To begin, the average compact fluorescent bulb contains about 4 milligrams of mercury. By comparison, the average watch battery contains roughly 25 milligrams of mercury. Despite the small amount, many consumers are still hesitant to purchase fixtures using compact fluorescent light bulbs, but each year the generation of electricity by coal-fired power plants emits 48 tons of mercury into the atmosphere. Because CFLs reduce the amount of electricity the nation’s power plants generate, overall mercury emissions from power plants should be reduced significantly. According to the EPA fact sheet on mercury, a power plant will emit 10 mg of mercury to produce the electricity to operate an incandescent bulb compared with only 2.4 mg to operate a CFL for the same amount of time.
“The truth of the matter is we, as manufacturers, need to be sure that the correct information is being circulated and that the proper means of disposal are made easily accessible for people. Our packaging and instruction sheets inform consumers of the proper ways to dispose of the bulbs. The fact remains that the positive benefits of compact fluorescent bulbs to the environment greatly outweigh the negative,” says David Zizzi, director of product development for Lithona Lighting.
Education is the key to making an informed decision when it comes to purchasing a light fixture. The use of CFLs in our lighting fixtures reduces electricity consumption thus reducing mercury emissions overall, and saves money on energy costs in the long term. Once you know proper safety measures for disposing of a CFL, you can confidently choose an energy-efficient lighting fixture.

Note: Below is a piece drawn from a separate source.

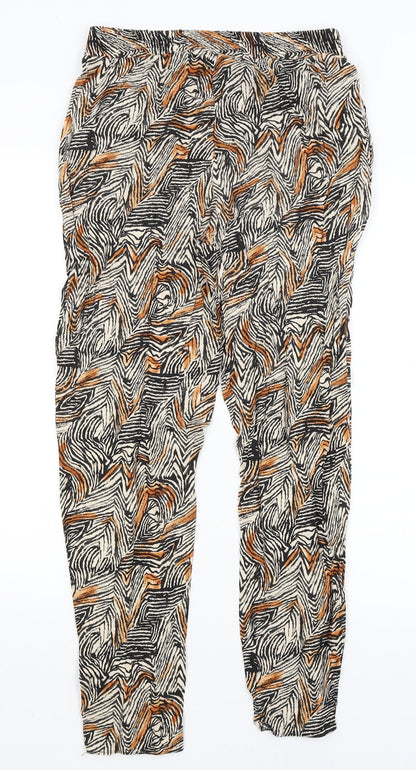 George Womens Orange Animal Print  Capri Trousers Size 10 L26.5 in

|Proper Disposing of Compact Fluorescent Bulbs|
|1. Open a window and leave the room for 15 minutes or more.|
|2. Carefully scoop up the fragments and powder with stiff paper or cardboard and place them in a sealed plastic bag.|
|3. Use disposable rubber gloves, if available (i.e., do not use bare hands). Wipe the area clean with damp paper towels or disposable wet wipes and place them in the plastic bag.|
|4. Do not use a vacuum or broom to clean up the broken bulb on hard surfaces.|
|5. Place all cleanup materials in a second sealed plastic bag.|
|6. Place the first bag in a second sealed plastic bag and put it in the outdoor trash container or in another outdoor protected area for the next normal trash disposal.|
Note: Some states prohibit such trash disposal and require that broken and unbroken lamps be taken to a local recycling center.
|7. Wash your hands after disposing of the bag. If a fluorescent bulb breaks on a rug or carpet:|
1. First, remove all materials you can without using a vacuum cleaner, following the steps above. Sticky tape (such as duct tape) can be used to pick up small pieces and powder.
2. If vacuuming is needed after all visible materials are removed, vacuum the area where the bulb was broken, remove the vacuum bag (or empty and wipe the canister) and put the bag or vacuum debris in two sealed plastic bags in the outdoor trash or protected outdoor location for normal disposal.